● **Exercise details**: Give the count of lines below that include the word "Table", and say nothing else.

● **Given information**:
::::::::::
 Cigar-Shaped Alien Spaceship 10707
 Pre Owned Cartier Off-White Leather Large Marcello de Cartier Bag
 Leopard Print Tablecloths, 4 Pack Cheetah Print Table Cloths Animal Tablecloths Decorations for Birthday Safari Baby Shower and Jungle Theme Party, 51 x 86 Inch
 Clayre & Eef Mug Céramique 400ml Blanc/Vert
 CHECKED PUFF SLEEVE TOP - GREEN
::::::::::
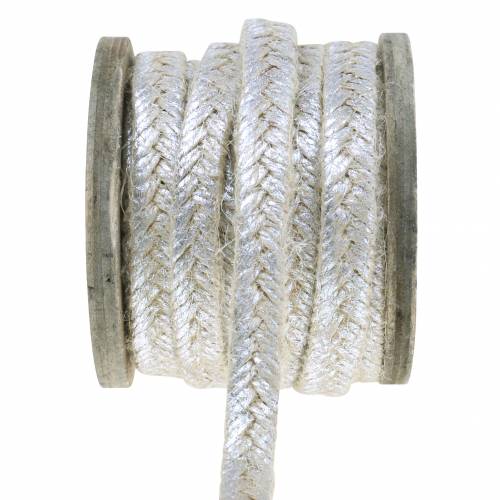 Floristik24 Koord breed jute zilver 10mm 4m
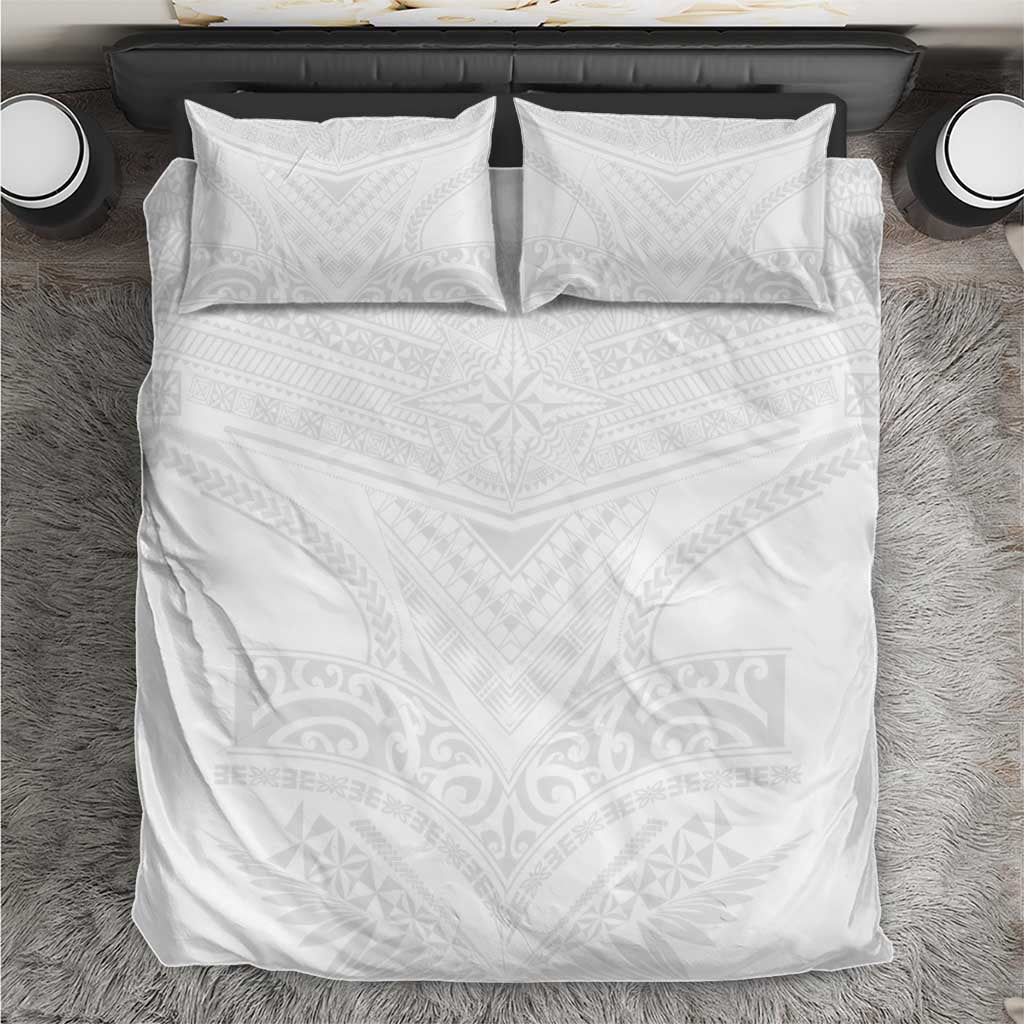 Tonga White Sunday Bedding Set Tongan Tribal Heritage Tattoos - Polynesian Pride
::::::::::
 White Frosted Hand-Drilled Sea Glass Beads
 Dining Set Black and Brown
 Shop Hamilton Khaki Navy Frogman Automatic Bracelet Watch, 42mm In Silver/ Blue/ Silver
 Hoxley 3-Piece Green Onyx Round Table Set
::::::::::
● **Answer box**: 2